Print the data exactly as it is given, please.

» DATA EXCERPTS
::::
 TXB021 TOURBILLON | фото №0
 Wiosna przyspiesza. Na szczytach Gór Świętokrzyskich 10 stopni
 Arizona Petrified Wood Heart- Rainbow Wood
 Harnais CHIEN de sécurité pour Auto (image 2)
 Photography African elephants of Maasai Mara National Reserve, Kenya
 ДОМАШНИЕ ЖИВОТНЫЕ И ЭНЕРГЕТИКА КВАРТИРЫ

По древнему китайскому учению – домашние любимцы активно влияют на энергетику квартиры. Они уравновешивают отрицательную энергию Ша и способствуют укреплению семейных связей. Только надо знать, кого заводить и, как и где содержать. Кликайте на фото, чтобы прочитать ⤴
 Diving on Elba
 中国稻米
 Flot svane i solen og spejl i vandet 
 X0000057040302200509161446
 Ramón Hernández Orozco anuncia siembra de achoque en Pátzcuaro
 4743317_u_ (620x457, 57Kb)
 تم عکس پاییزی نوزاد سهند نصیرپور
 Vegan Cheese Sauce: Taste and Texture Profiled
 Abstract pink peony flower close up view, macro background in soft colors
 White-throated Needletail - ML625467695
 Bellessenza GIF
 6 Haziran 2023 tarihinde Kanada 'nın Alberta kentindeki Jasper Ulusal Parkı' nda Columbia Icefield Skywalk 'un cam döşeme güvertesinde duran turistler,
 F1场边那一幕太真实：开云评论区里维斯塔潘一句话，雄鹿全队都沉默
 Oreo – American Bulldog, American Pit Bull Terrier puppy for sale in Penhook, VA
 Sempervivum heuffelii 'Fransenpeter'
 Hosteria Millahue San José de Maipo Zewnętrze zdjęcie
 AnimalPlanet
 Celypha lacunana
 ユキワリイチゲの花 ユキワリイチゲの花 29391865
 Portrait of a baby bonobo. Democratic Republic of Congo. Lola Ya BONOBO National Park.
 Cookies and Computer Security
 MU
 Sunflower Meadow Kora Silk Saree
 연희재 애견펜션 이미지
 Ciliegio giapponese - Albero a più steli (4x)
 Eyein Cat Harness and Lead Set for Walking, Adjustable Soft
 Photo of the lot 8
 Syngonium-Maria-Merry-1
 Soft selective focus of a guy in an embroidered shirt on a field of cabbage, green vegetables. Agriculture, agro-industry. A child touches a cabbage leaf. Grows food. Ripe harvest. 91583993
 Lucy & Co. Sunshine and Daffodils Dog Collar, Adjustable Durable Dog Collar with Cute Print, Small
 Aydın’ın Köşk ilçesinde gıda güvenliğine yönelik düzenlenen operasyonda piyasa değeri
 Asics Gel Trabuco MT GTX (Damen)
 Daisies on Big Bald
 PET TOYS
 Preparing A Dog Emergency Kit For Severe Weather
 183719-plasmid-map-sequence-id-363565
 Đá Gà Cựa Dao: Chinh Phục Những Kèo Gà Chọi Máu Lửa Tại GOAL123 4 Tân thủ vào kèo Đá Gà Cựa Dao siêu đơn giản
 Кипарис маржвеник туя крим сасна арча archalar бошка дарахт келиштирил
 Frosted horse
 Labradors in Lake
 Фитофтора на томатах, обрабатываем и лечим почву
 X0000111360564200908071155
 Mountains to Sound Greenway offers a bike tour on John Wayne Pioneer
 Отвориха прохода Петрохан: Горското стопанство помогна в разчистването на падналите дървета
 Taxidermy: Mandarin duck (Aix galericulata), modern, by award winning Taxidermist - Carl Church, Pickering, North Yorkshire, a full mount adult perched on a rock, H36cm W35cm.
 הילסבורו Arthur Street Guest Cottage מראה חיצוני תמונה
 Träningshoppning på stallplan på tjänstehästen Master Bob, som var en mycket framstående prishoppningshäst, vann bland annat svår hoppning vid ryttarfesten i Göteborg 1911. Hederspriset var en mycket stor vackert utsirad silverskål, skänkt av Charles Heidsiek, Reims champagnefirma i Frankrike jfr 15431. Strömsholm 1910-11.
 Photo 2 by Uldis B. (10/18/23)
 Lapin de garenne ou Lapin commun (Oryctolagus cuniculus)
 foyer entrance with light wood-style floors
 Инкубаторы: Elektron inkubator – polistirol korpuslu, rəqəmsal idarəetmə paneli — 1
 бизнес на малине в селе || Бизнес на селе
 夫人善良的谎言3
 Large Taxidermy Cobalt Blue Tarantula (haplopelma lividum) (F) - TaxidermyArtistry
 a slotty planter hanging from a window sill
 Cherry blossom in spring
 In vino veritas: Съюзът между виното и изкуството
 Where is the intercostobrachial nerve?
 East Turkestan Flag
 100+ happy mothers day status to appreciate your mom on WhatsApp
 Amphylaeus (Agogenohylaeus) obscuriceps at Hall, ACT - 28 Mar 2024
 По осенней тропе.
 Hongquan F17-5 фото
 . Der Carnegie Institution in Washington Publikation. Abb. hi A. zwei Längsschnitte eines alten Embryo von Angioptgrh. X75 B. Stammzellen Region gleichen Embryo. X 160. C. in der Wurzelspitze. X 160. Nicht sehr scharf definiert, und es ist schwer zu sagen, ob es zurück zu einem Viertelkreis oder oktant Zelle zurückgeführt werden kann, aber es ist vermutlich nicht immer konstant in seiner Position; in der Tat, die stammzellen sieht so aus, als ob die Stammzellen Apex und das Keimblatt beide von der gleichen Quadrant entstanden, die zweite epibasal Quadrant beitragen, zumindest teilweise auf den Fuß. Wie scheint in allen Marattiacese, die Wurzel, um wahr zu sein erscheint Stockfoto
::::
» RESULT OF THIS TASK
 TXB021 TOURBILLON | фото №0
 Wiosna przyspiesza. Na szczytach Gór Świętokrzyskich 10 stopni
 Arizona Petrified Wood Heart- Rainbow Wood
 Harnais CHIEN de sécurité pour Auto (image 2)
 Photography African elephants of Maasai Mara National Reserve, Kenya
 ДОМАШНИЕ ЖИВОТНЫЕ И ЭНЕРГЕТИКА КВАРТИРЫ

По древнему китайскому учению – домашние любимцы активно влияют на энергетику квартиры. Они уравновешивают отрицательную энергию Ша и способствуют укреплению семейных связей. Только надо знать, кого заводить и, как и где содержать. Кликайте на фото, чтобы прочитать ⤴
 Diving on Elba
 中国稻米
 Flot svane i solen og spejl i vandet 
 X0000057040302200509161446
 Ramón Hernández Orozco anuncia siembra de achoque en Pátzcuaro
 4743317_u_ (620x457, 57Kb)
 تم عکس پاییزی نوزاد سهند نصیرپور
 Vegan Cheese Sauce: Taste and Texture Profiled
 Abstract pink peony flower close up view, macro background in soft colors
 White-throated Needletail - ML625467695
 Bellessenza GIF
 6 Haziran 2023 tarihinde Kanada 'nın Alberta kentindeki Jasper Ulusal Parkı' nda Columbia Icefield Skywalk 'un cam döşeme güvertesinde duran turistler,
 F1场边那一幕太真实：开云评论区里维斯塔潘一句话，雄鹿全队都沉默
 Oreo – American Bulldog, American Pit Bull Terrier puppy for sale in Penhook, VA
 Sempervivum heuffelii 'Fransenpeter'
 Hosteria Millahue San José de Maipo Zewnętrze zdjęcie
 AnimalPlanet
 Celypha lacunana
 ユキワリイチゲの花 ユキワリイチゲの花 29391865
 Portrait of a baby bonobo. Democratic Republic of Congo. Lola Ya BONOBO National Park.
 Cookies and Computer Security
 MU
 Sunflower Meadow Kora Silk Saree
 연희재 애견펜션 이미지
 Ciliegio giapponese - Albero a più steli (4x)
 Eyein Cat Harness and Lead Set for Walking, Adjustable Soft
 Photo of the lot 8
 Syngonium-Maria-Merry-1
 Soft selective focus of a guy in an embroidered shirt on a field of cabbage, green vegetables. Agriculture, agro-industry. A child touches a cabbage leaf. Grows food. Ripe harvest. 91583993
 Lucy & Co. Sunshine and Daffodils Dog Collar, Adjustable Durable Dog Collar with Cute Print, Small
 Aydın’ın Köşk ilçesinde gıda güvenliğine yönelik düzenlenen operasyonda piyasa değeri
 Asics Gel Trabuco MT GTX (Damen)
 Daisies on Big Bald
 PET TOYS
 Preparing A Dog Emergency Kit For Severe Weather
 183719-plasmid-map-sequence-id-363565
 Đá Gà Cựa Dao: Chinh Phục Những Kèo Gà Chọi Máu Lửa Tại GOAL123 4 Tân thủ vào kèo Đá Gà Cựa Dao siêu đơn giản
 Кипарис маржвеник туя крим сасна арча archalar бошка дарахт келиштирил
 Frosted horse
 Labradors in Lake
 Фитофтора на томатах, обрабатываем и лечим почву
 X0000111360564200908071155
 Mountains to Sound Greenway offers a bike tour on John Wayne Pioneer
 Отвориха прохода Петрохан: Горското стопанство помогна в разчистването на падналите дървета
 Taxidermy: Mandarin duck (Aix galericulata), modern, by award winning Taxidermist - Carl Church, Pickering, North Yorkshire, a full mount adult perched on a rock, H36cm W35cm.
 הילסבורו Arthur Street Guest Cottage מראה חיצוני תמונה
 Träningshoppning på stallplan på tjänstehästen Master Bob, som var en mycket framstående prishoppningshäst, vann bland annat svår hoppning vid ryttarfesten i Göteborg 1911. Hederspriset var en mycket stor vackert utsirad silverskål, skänkt av Charles Heidsiek, Reims champagnefirma i Frankrike jfr 15431. Strömsholm 1910-11.
 Photo 2 by Uldis B. (10/18/23)
 Lapin de garenne ou Lapin commun (Oryctolagus cuniculus)
 foyer entrance with light wood-style floors
 Инкубаторы: Elektron inkubator – polistirol korpuslu, rəqəmsal idarəetmə paneli — 1
 бизнес на малине в селе || Бизнес на селе
 夫人善良的谎言3
 Large Taxidermy Cobalt Blue Tarantula (haplopelma lividum) (F) - TaxidermyArtistry
 a slotty planter hanging from a window sill
 Cherry blossom in spring
 In vino veritas: Съюзът между виното и изкуството
 Where is the intercostobrachial nerve?
 East Turkestan Flag
 100+ happy mothers day status to appreciate your mom on WhatsApp
 Amphylaeus (Agogenohylaeus) obscuriceps at Hall, ACT - 28 Mar 2024
 По осенней тропе.
 Hongquan F17-5 фото
 . Der Carnegie Institution in Washington Publikation. Abb. hi A. zwei Längsschnitte eines alten Embryo von Angioptgrh. X75 B. Stammzellen Region gleichen Embryo. X 160. C. in der Wurzelspitze. X 160. Nicht sehr scharf definiert, und es ist schwer zu sagen, ob es zurück zu einem Viertelkreis oder oktant Zelle zurückgeführt werden kann, aber es ist vermutlich nicht immer konstant in seiner Position; in der Tat, die stammzellen sieht so aus, als ob die Stammzellen Apex und das Keimblatt beide von der gleichen Quadrant entstanden, die zweite epibasal Quadrant beitragen, zumindest teilweise auf den Fuß. Wie scheint in allen Marattiacese, die Wurzel, um wahr zu sein erscheint Stockfoto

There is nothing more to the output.